[Opening INPUT DATA section]
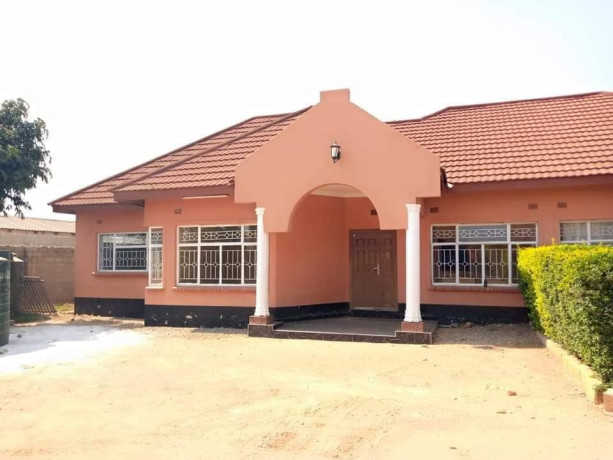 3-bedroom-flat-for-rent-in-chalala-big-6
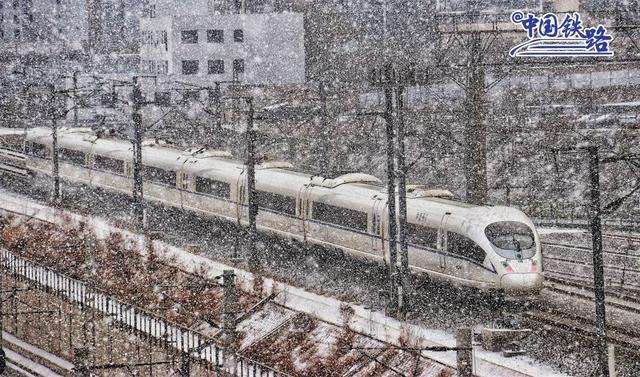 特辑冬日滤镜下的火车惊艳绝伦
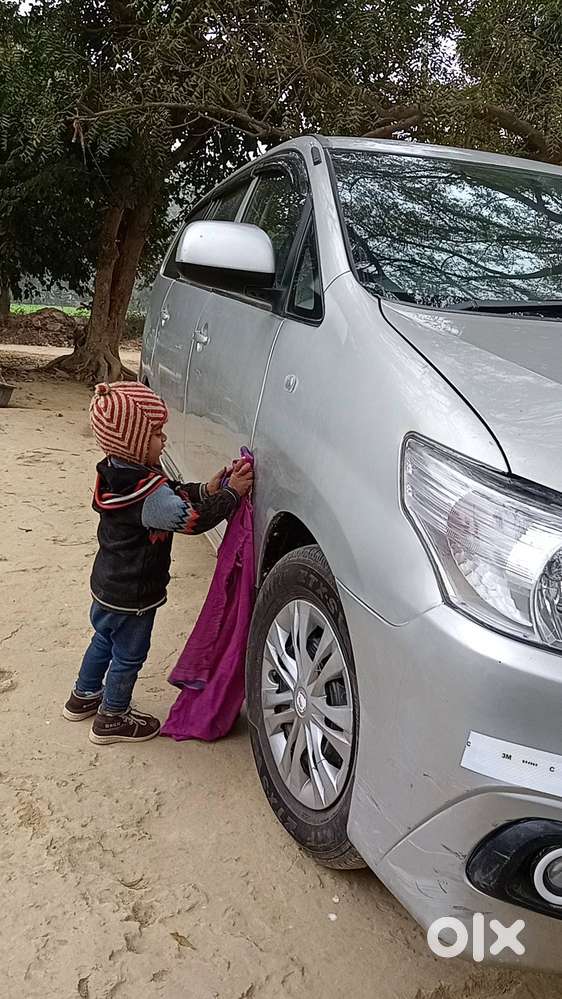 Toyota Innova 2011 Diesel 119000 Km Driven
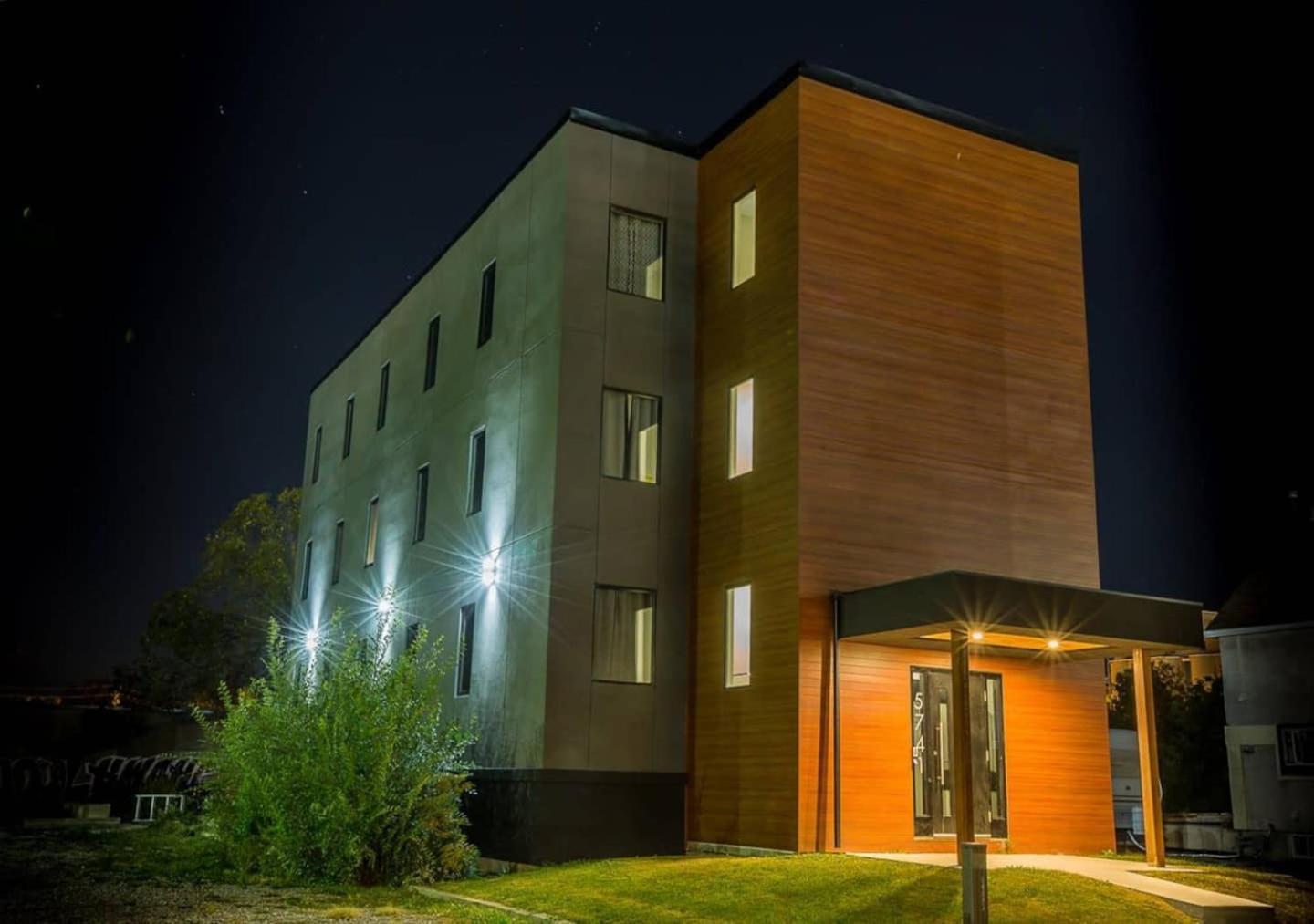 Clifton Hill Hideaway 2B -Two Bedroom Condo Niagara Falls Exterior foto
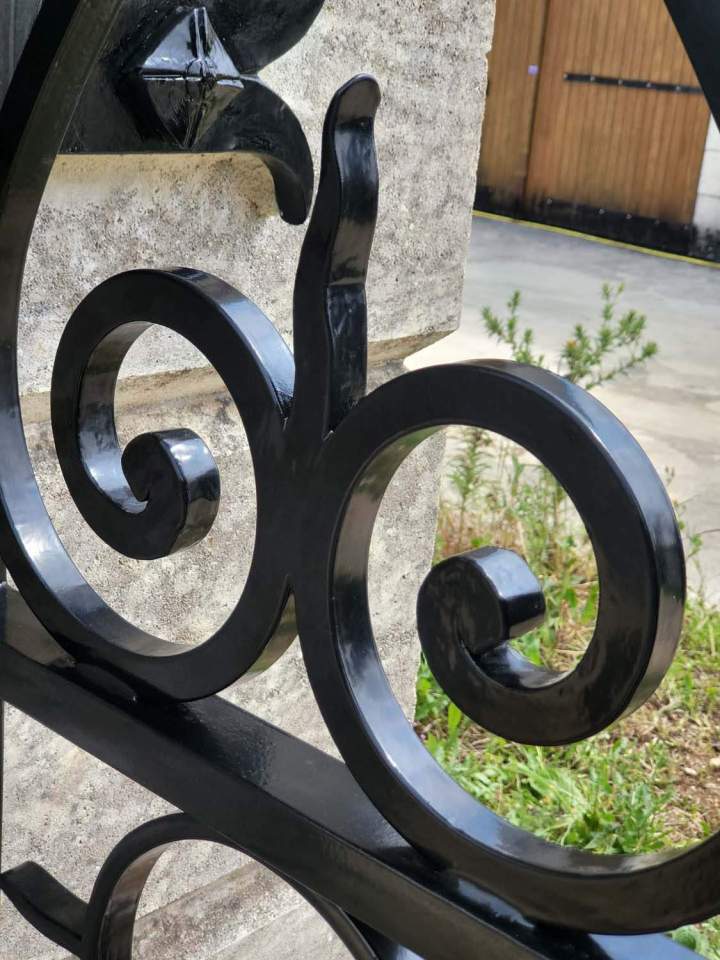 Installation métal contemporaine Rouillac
[Closing INPUT DATA section]
[Opening INPUT DATA section]
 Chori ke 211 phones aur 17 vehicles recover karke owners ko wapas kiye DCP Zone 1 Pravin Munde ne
[Closing INPUT DATA section]
[Opening INPUT DATA section]
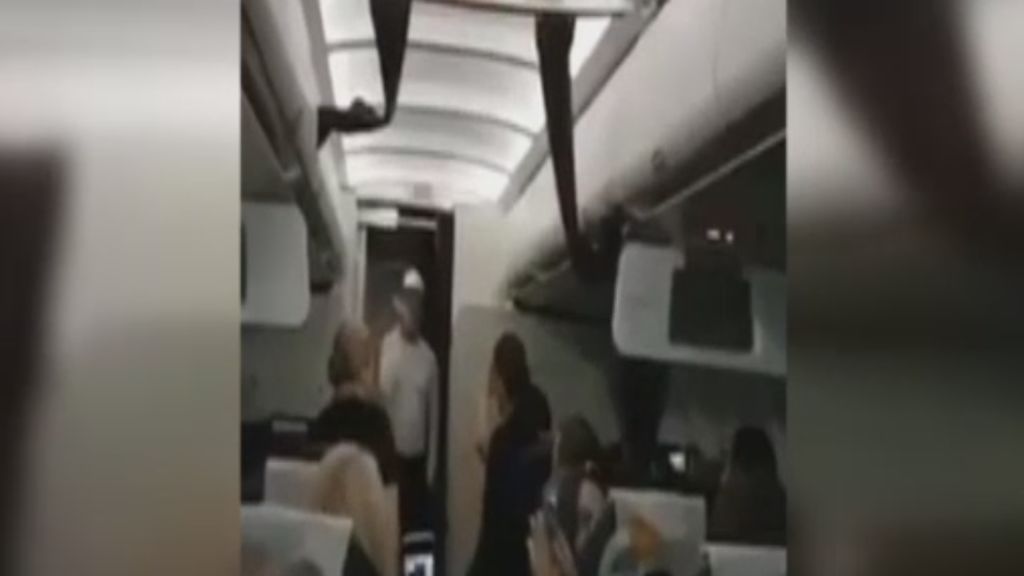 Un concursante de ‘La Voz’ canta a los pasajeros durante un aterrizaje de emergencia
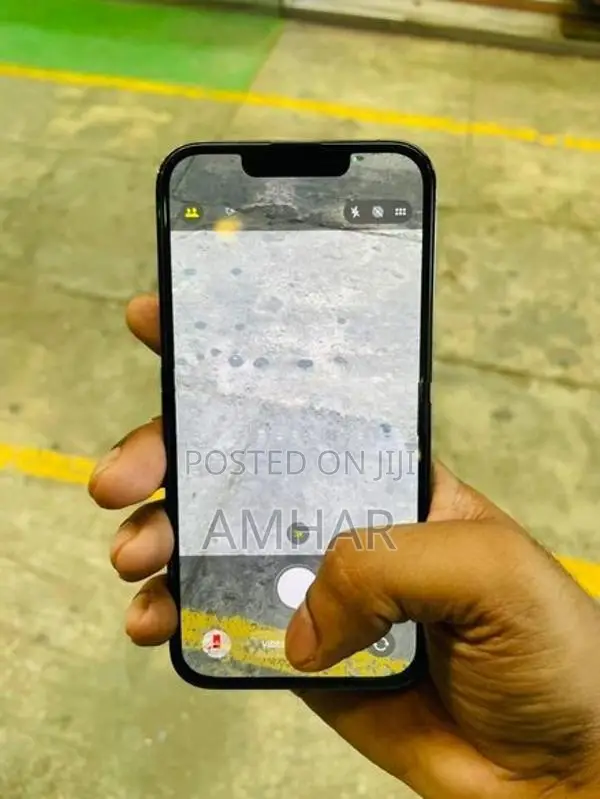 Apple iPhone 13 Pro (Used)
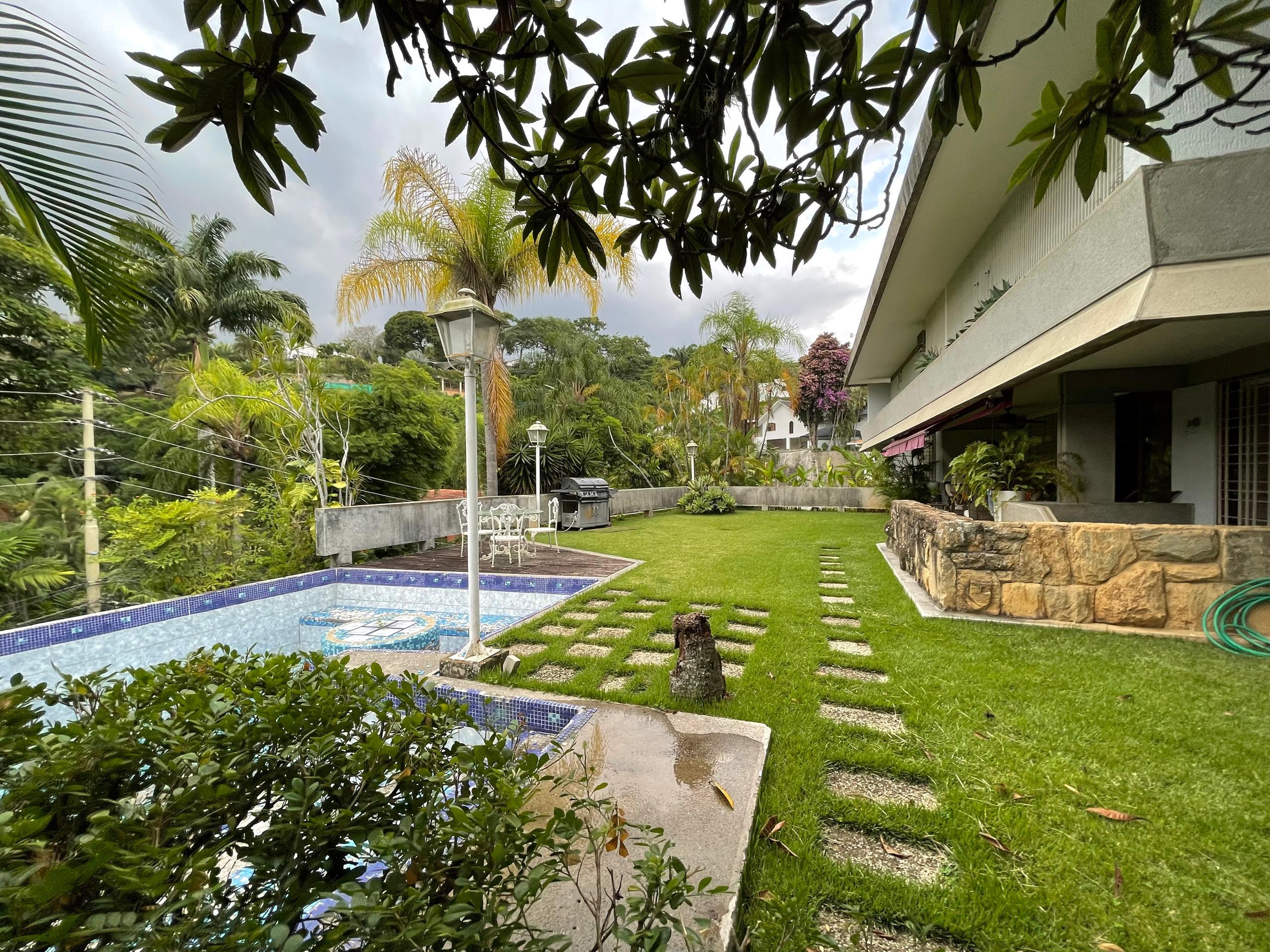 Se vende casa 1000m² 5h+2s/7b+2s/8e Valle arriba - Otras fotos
[Closing INPUT DATA section]
**BRIEF:**
In the data above, find the line with "Un concursante de" and the line with "Se vende casa". Please copy exactly those two lines and every line between them, but not the pictures.

**RESPONSE AREA:**
 Un concursante de ‘La Voz’ canta a los pasajeros durante un aterrizaje de emergencia
 Apple iPhone 13 Pro (Used)
 Se vende casa 1000m² 5h+2s/7b+2s/8e Valle arriba - Otras fotos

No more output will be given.